# PROMPT
Copy the records below in full, keeping each word as it is but omitting the pictures.

+--

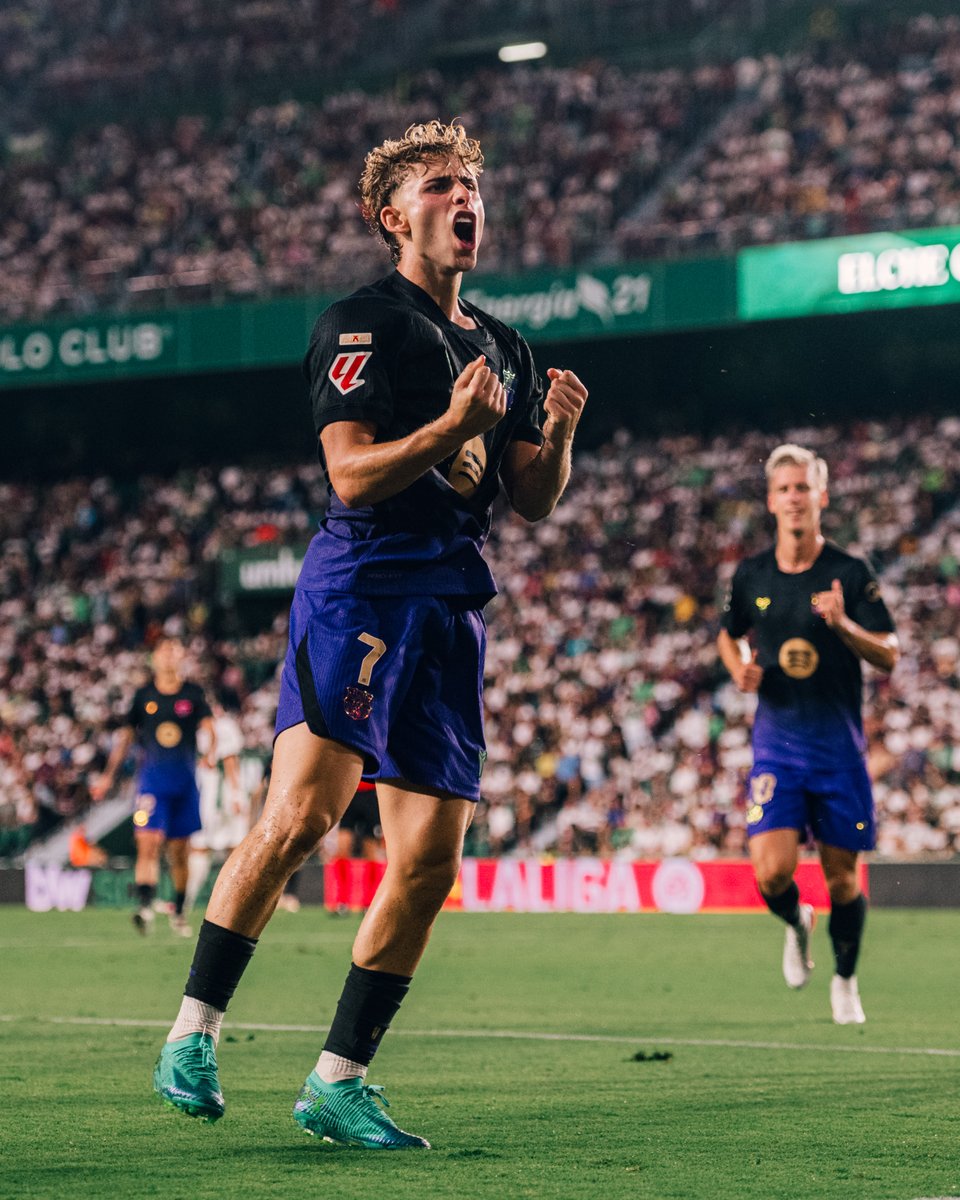 FCBarcelona_es's tweet photo. Su pasión. Su entrega. Su amor por el Barça. https://t.co/UBkAUIb8pQ
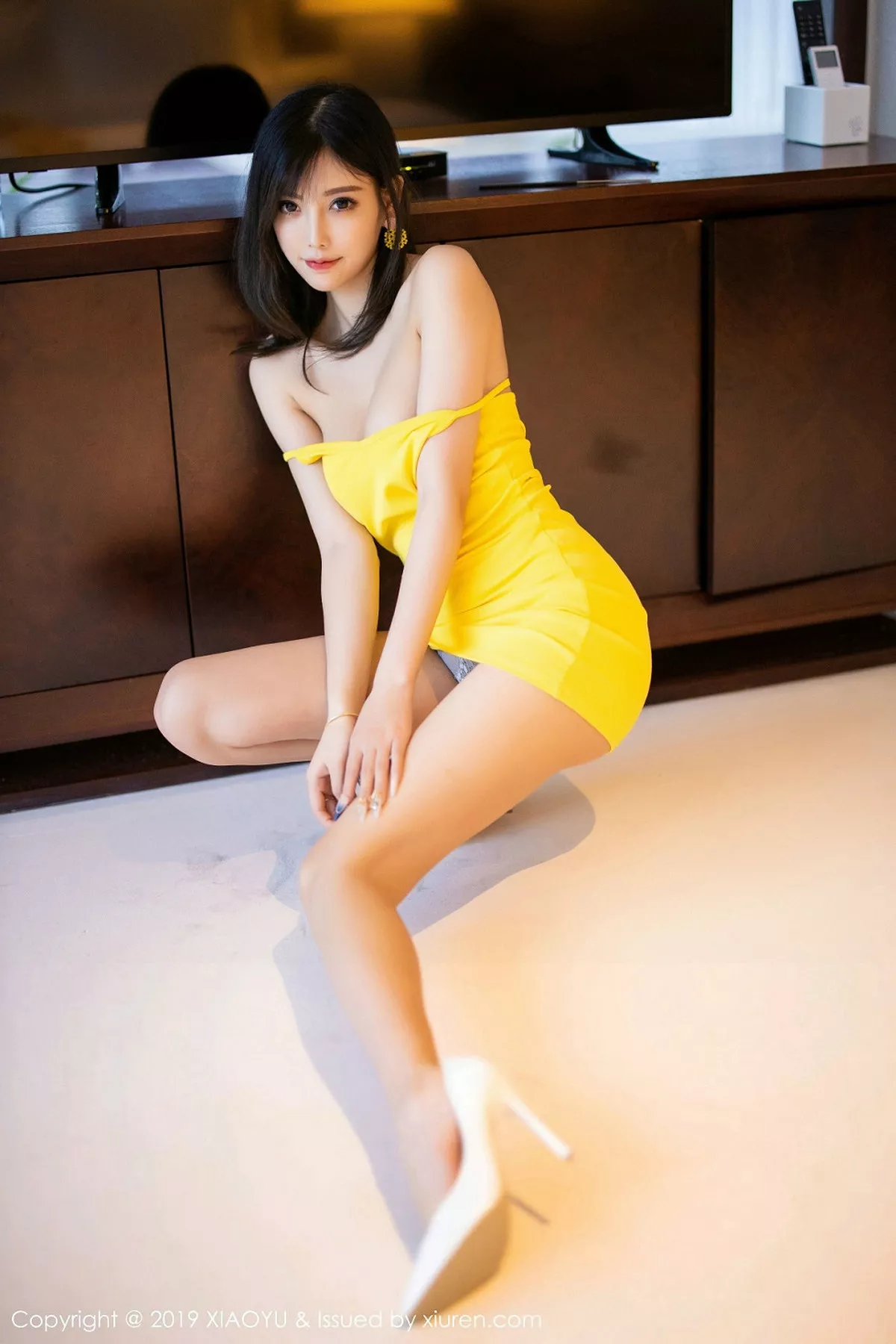 秀人集.com_[XiaoYu画语界]Vol.204_女神杨晨晨sugar心愿旅拍私房黄色吊带裙半脱诱惑写真58P
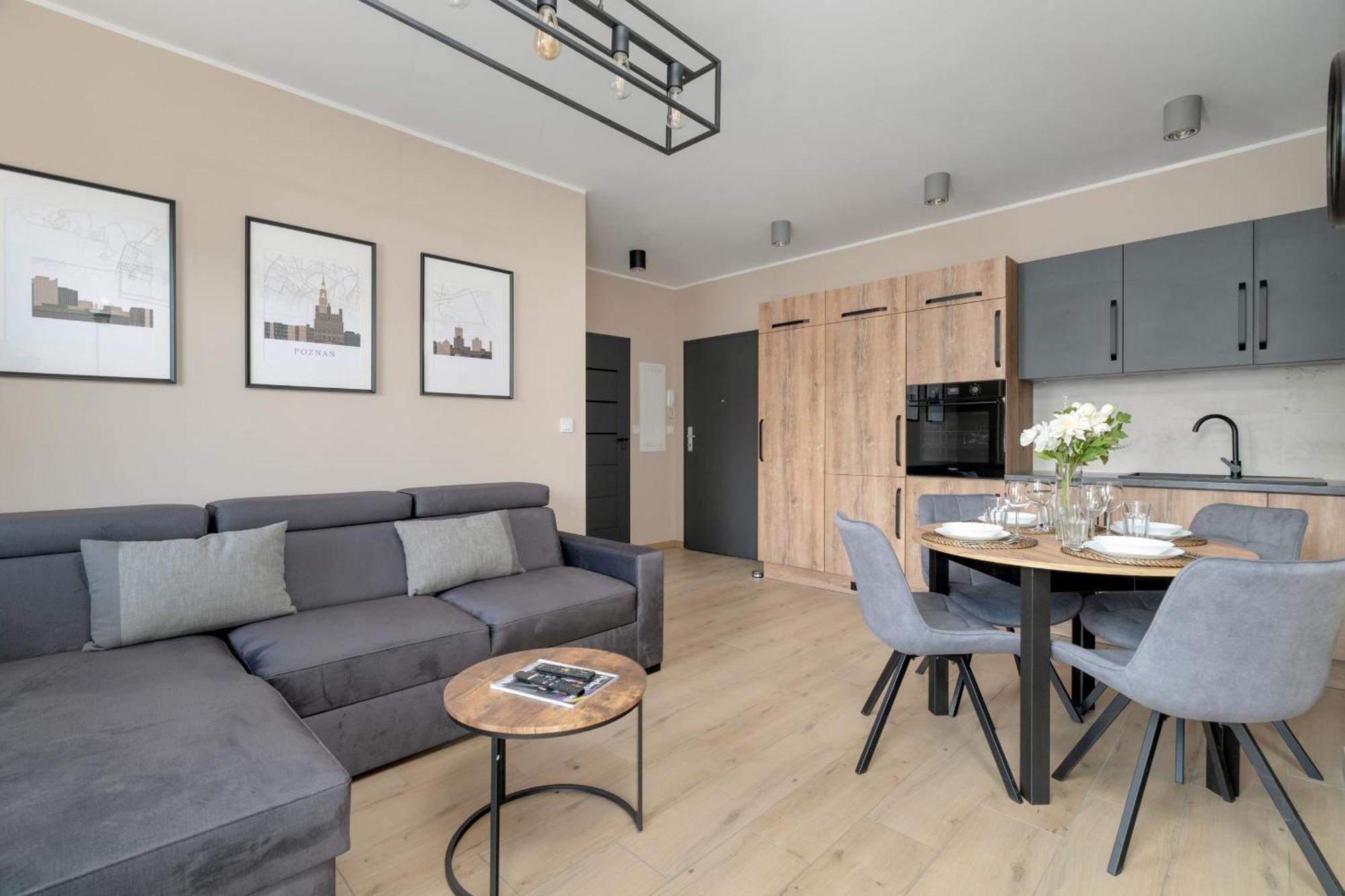 Cosy And Bright Apartment With Parking In Poznan By Noclegi Renters Екстер'єр фото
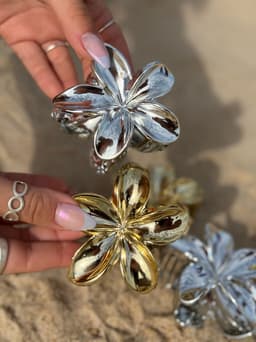 Pinza diseño de flor brillante - imagen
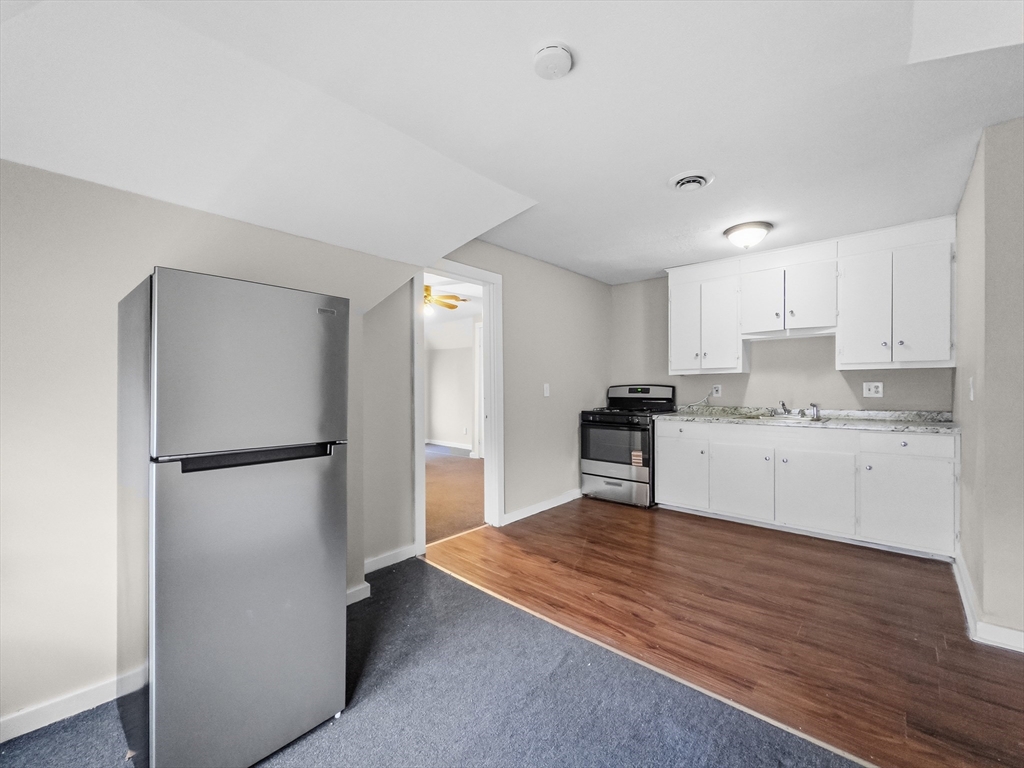 286 Pine Street, Unit 3R Holyoke, MA 01040 - Photo 3 of 6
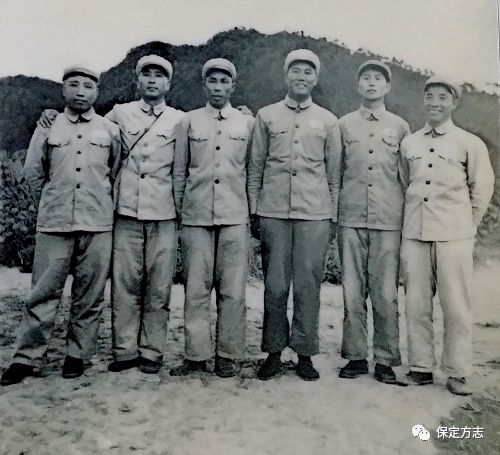 志愿军第63军第188师师长张英辉(左三,政委李真(左四,参谋长吴志远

+--

# RESPONSE TO THIS EXERCISE
 FCBarcelona_es's tweet photo. Su pasión. Su entrega. Su amor por el Barça. https://t.co/UBkAUIb8pQ
 秀人集.com_[XiaoYu画语界]Vol.204_女神杨晨晨sugar心愿旅拍私房黄色吊带裙半脱诱惑写真58P
 Cosy And Bright Apartment With Parking In Poznan By Noclegi Renters Екстер'єр фото
 Pinza diseño de flor brillante - imagen
 286 Pine Street, Unit 3R Holyoke, MA 01040 - Photo 3 of 6
 志愿军第63军第188师师长张英辉(左三,政委李真(左四,参谋长吴志远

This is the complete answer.